An employee of ours set up his gmail account to send emails as employee@ourcompany.com, which was fine, but now he has left the company and we have disabled his company account.

He is still able to send emails from his gmail account that appear to the recipient as from ourcompany.com. Is there any way I can block this?


Nope, that is not possible. You can use whatever you want in the "From:" header, you could maybe ask google to remove it from his account (you need to confirm your From address in gmail the first time). But there is nothing that stops him from using his old from-address in his desktop-client.

You could setup SPF records to tell remote mail servers that use it that it's not a legit mail.

  • +1 You could also set up DKIM, but without other mail servers using it, it's pretty much a best effort thing. – David Pashley Sep 29 '09 at 9:07
  • Note that SPF isn't a fool-proof solution, I think it's more widespread than DKIM but still relies on the recipient server checking the DNS for the sender's domain. – JamesHannah Sep 29 '09 at 11:49
  • Very true and I think that the "..to tell remote mail servers that use it.." part covers that :) – rkthkr Sep 29 '09 at 12:49

Is it out of the question to just contact the guy and ask him to change it?


You'll need to find some way to revoke the verification required for him to send emails like that, which would have been part of the initial configuration he did :


At the very least, you need to get him to remove the option from his account which hopefully would mean he couldn't re-verify it. If you can't manage this, then you'll probably have to contact Google. I'm sure this situation occurs fairly regularly.


First question is, of course, if this former employee is still emailing people with your company email address. If he is, you might be able to hold him liable for this, since he's no longer employed by your company.

You might also want to get some legal advice and file an official complaint to Google to ask Google to close this GMail account because he used it for your company. Now, with him gone, the account should be closed too, (or handed over to you) else customers might contact the wrong person. For this to succeed, a judge would have to approve this request and it will cost you some.

I would advise you to not allow other employees to use their GMail account for your company, unless they are willing to transfer those accounts over to the company once they leave the company. Using GMail should not be a problem, not if it's used for your company or just private usage. But once the two are mixed, your company will need a specific policy which will be enforced.

But if this former employee has removed the link between his account and your company and is just behaving nicely, there should be no problem with him keeping his account and you shouldn't really be bothered about this case.

I would advise you to set up a policy for using GMail accounts that are linked to company accounts! Tell your employees to either remove those links or be willing to give up their accounts if they ever leave your company. By using GMail for your company, it actually becomes a company resource, not a private resource.

It's just that the related costs when it comes to litigation tends to be expensive and success isn't guaranteed.
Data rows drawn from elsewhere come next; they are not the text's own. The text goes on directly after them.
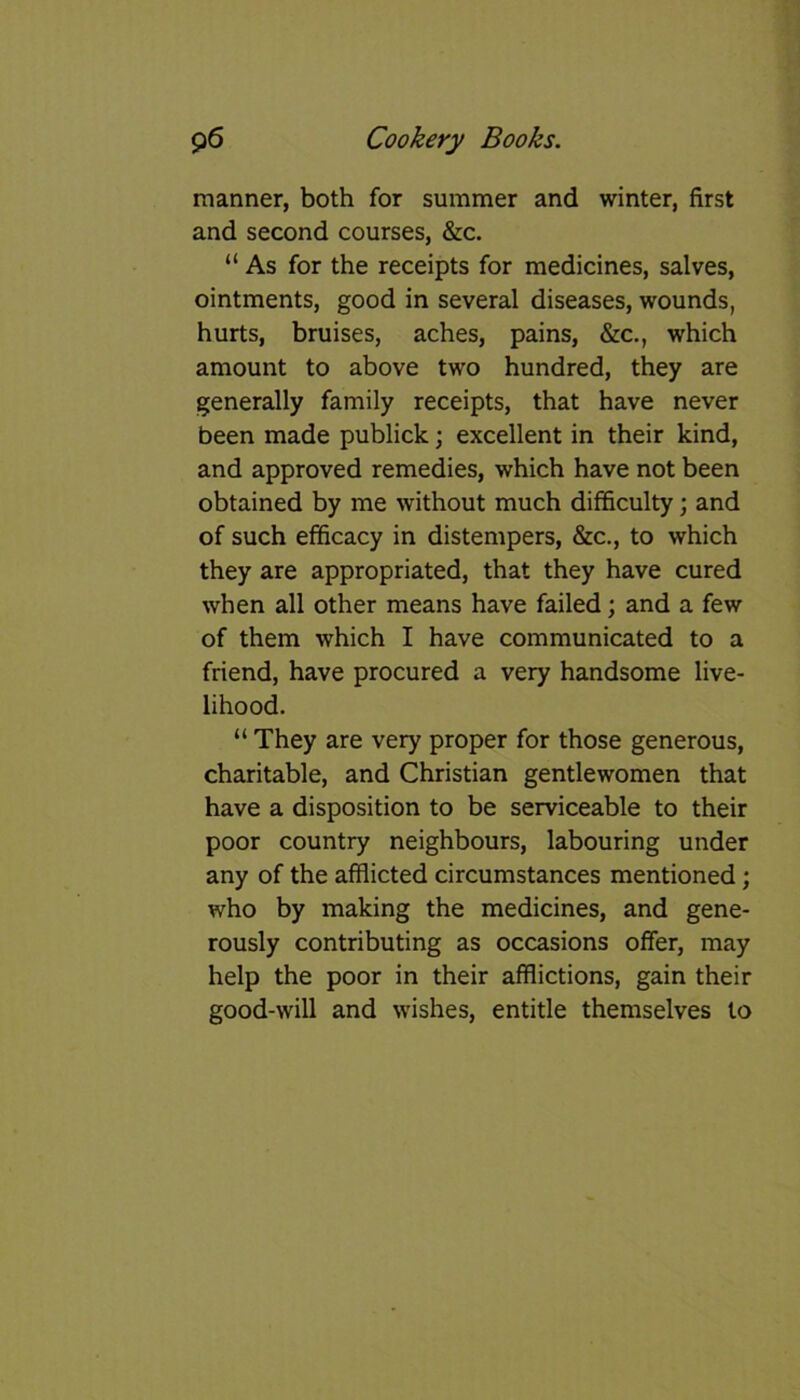 manner, both for summer and winter, first and second courses, &c. “ As for the receipts for medicines, salves, ointments, good in several diseases, wounds, hurts, bruises, aches, pains, &c., which amount to above two hundred, they are generally family receipts, that have never been made publick; excellent in their kind, and approved remedies, which have not been obtained by me without much difficulty; and of such efficacy in distempers, &c., to which they are appropriated, that they have cured when all other means have failed; and a few of them which I have communicated to a friend, have procured a very handsome live- lihood. “ They are very proper for those generous, charitable, and Christian gentlewomen that have a disposition to be serviceable to their poor country neighbours, labouring under any of the afflicted circumstances mentioned; who by making the medicines, and gene- rously contributing as occasions offer, may help the poor in their afflictions, gain their good-will and wishes, entitle themselves to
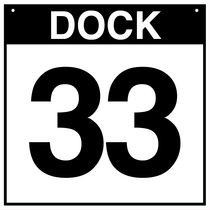 Loading Dock Sign - Dock 33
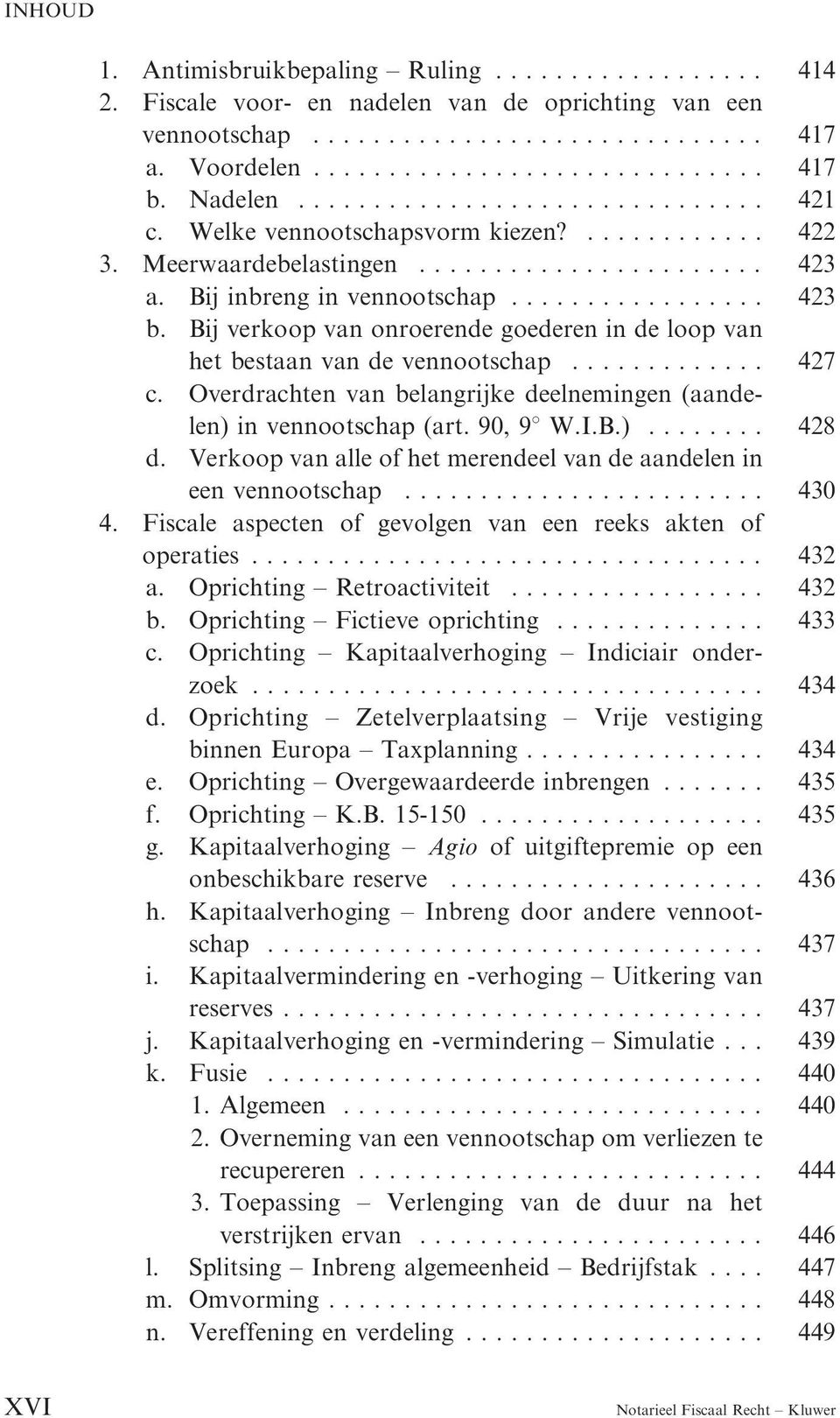 Overdrachten van belangrijke deelnemingen (aandelen) in vennootschap (art. 90, 98 W.I.B.)... 428 d. Verkoop van alle of het merendeel van de aandelen in een vennootschap.... 430 4.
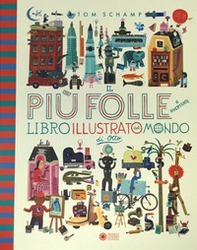 Il più folle e divertente libro illustrato del mondo di Otto - Librerie.coop
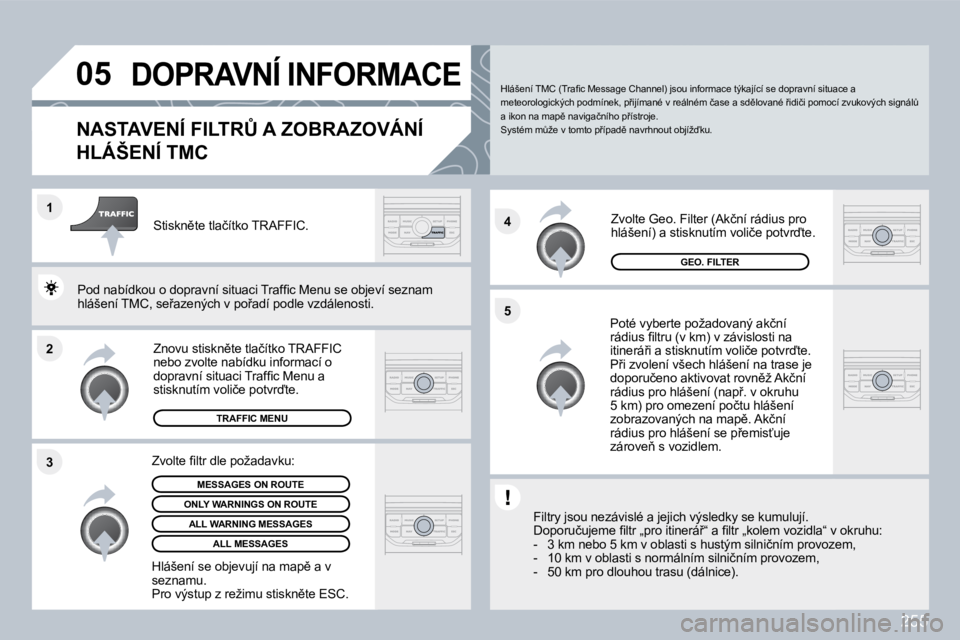 PEUGEOT 3008 2010  Návod na použití (in Czech) 255
�2
�1
�3 �4
�5
�0�5� �D�O�P�R�A�V�N�Í� �I�N�F�O�R�M�A�C�E� 
�N�A�S�T�A�V�E�N�Í� �F�I�L�T�R#� �A� �Z�O�B�R�A�Z�O�V�Á�N�Í� 
�H�L�Á�Š�E�N�Í� �T�M�C� 
� � �P�o�t�é� �v�y�b�e�r�t�e� �p�o�ž�a�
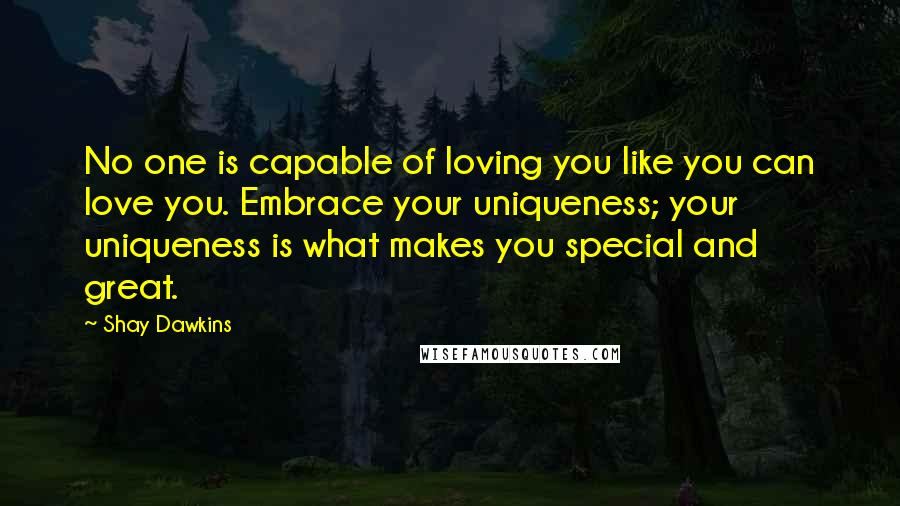 Shay Dawkins Quotes: No one is capable of loving you like you can love you. Embrace your uniqueness; your uniqueness is what makes you special and great.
  • This is way overkill. – Dennis Williamson Sep 29 '09 at 10:33
  • 1
    Of course it's overkill in most situations! But having a policy dealing with these possible situations is still a sensible thing to do, to avoid these problems in the future. – Wim ten Brink Sep 29 '09 at 10:50

Of course even if you solve this from the GMail angle there's nothing to stop him setting up a standard POP3/SMTP account somewhere else and going into his mail program's options and changing the send as address. My ISP still allows this with absolutely no issue on their SMTP server and Thunderbird as a mail client (though I'm sure even Outlook let you change the sending address).

GMail actually gives you more protection as they do verify that you have access to the mail account before they start Sending As, there's absolutely nothing in the original mail protocols and SMTPs to stop this.


You may want to consider creating a filter on your corporate mail system to prevent the "verification" emails from Gmail required to add an account from being delivered to your users. This would prevent anyone else from configuring Gmail to send from @yourcompany.com.


Even if you remove the "google mail send as account" thing, email protocols are not really secure enough and it's easy to forge an email with the sender address you want. That's why google doesn't even bother, with this features I guess.